La célebre dietista y divulgadora norteamericana Linda Lamarque acaba de deslumbrar a la crítica con su documental Slow Food, todo un alegato contra los estereotipos alimentarios de nuestro tiempo. Recientemente premiado en el festival de Falldance, Slow Food profundiza en el universo de los “restaurantes de comida rápida”, aunque lo hace desde una nueva perspectiva. Partiendo de la misma premisa que anteriores trabajos – la existencia de una sociedad eminentemente marcada por la prisa – Lamarque es capaz, sin embargo, de ofrecernos unas personales e inesperadas conclusiones.
Durante las tres horas y media que dura la primera parte del documental (Slow), Lamarque demuestra cómo es posible sentarse a comer en un restaurante de Fast Food y dar cuenta de una comida en un tiempo medio de hora y treinta y cinco minutos. Asombroso – se dice el desconcertado espectador. Y sin embargo la protagonista no se toma ningún esfuerzo en alargar el tiempo; simplemente se sienta y disfruta de su comida.
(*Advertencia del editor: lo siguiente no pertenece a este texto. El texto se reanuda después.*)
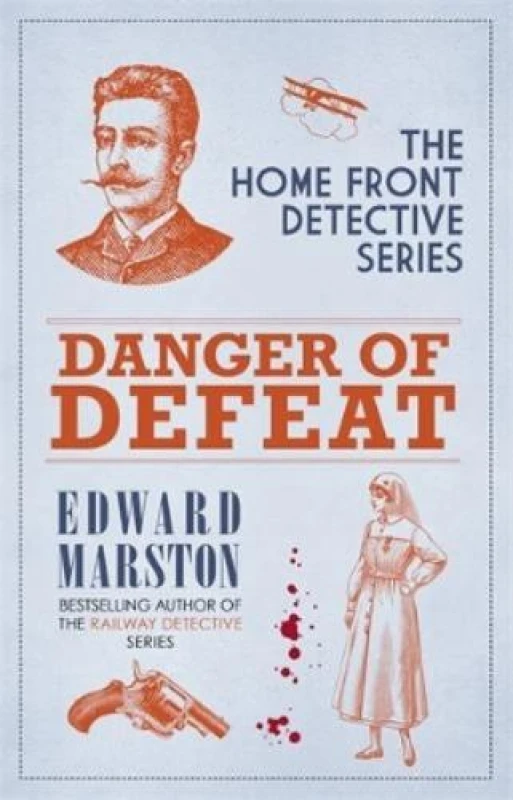Image of Danger of Defeat. Hardback. By Edward Marston Books
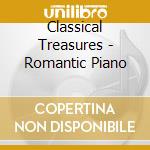 Classical Treasures - Romantic Piano cd musicale di Classical Treasures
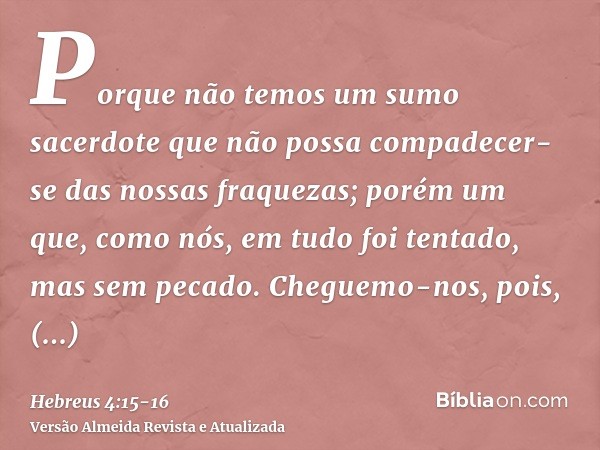 Porque não temos um sumo sacerdote que não possa compadecer- se das nossas fraquezas; porém um que, como nós, em tudo foi tentado, mas sem pecado.Cheguemo-nos, 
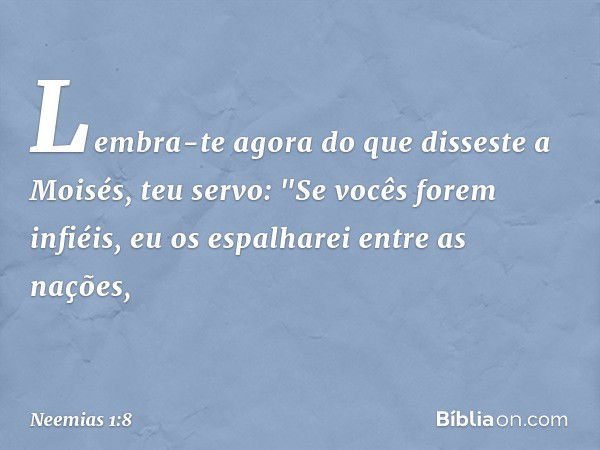 Lembra-te agora do que disseste a Moisés, teu servo: "Se vocês forem infiéis, eu os espalharei entre as nações, -- Neemias 1:8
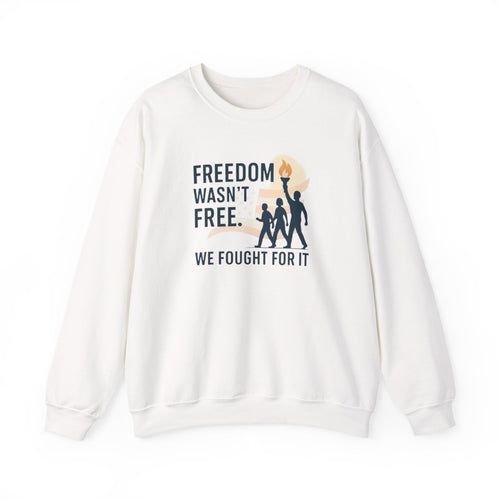 Freedom Wasn't Free Crewneck Sweatshirt — Patriotic Veterans Tribute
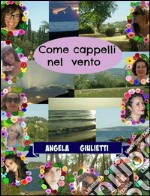 Come cappelli nel vento. E-book. Formato EPUB ebook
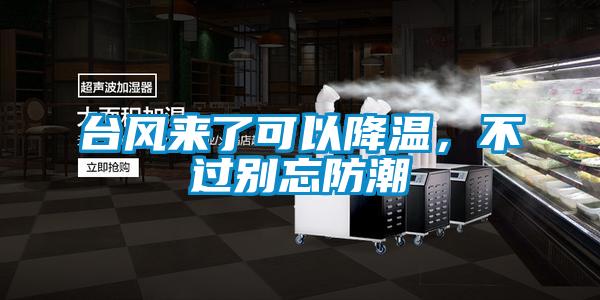 臺風(fēng)來(lái)了可以降溫，不過(guò)別忘防潮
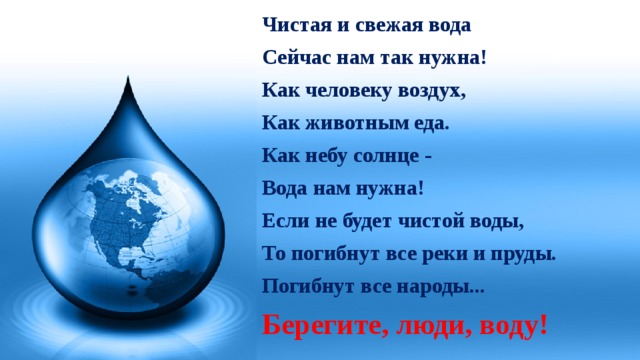 Чистая и свежая вода Сейчас нам так нужна! Как человеку воздух, Как животным еда. Как небу солнце - Вода нам нужна! Если не будет чистой воды, То погибнут все реки и пруды. Погибнут все народы... Берегите, люди, воду!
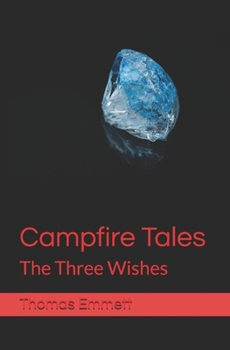 Paperback Campfire Tales: The Three Wishes Book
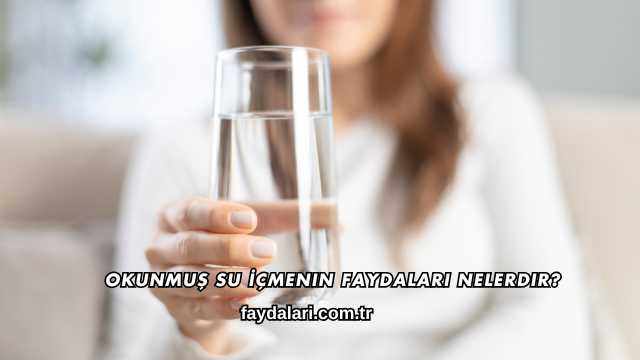 Okunmuş Su İçmenin Faydaları Nelerdir?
El documental nos sitúa en este punto ante nuestra propia contradicción: ¿por qué denominamos Fast Food a un restaurante donde uno se puede tomar el tiempo que quiera para comer? ¿Acaso nos echan de allí con prisas? Lamarque se toma hora y media para paladear un menú estándar, sin incluir el café ni el tiempo de la sobremesa, y sin que nadie le diga nada. Pero su caso no tiene nada de especial; durante toda la primera parte vemos a gente que come sus patatas y bebe sus refrescos con absoluta tranquilidad, personas que se marchan del local cuando creen que han tenido suficiente.
Sobrecogido ante la evidencia, el espectador se adentra entonces en una frenética segunda parte del documental (Fast), en la que la protagonista nos ofrece un recorrido por los mejores restaurantes del mundo; los bistrós de los gourmets más fashion y los más sofisticados salones. Durante hora y media Lamarque deambula por restaurantes de alto postín y devora la comida en apenas unos minutos. Una mousse de aroma de perdiz y a la boca, un dedal de crema de lubina y a volar. Así durante decenas de angustiosas escenas. El momento culminante se desarrolla en el comedor de El Bulli, donde Lamarque engulle, ante los ojos de un atónito Ferrán Adriá, una espuma de azafrán, un suspiro de bambú, y cuatro pinchos de burbujas del océano, en un abrir y cerrar de ojos.
Minutos después, vemos a la protagonista salir desolada de un restaurante donde se ha dejado veinte de los grandes. Aún así la conclusión es esperanzadora: “Se sale con hambre”, suspira una demacrada Lamarque, “pero a tiempo de llegar a una buena pizzería”.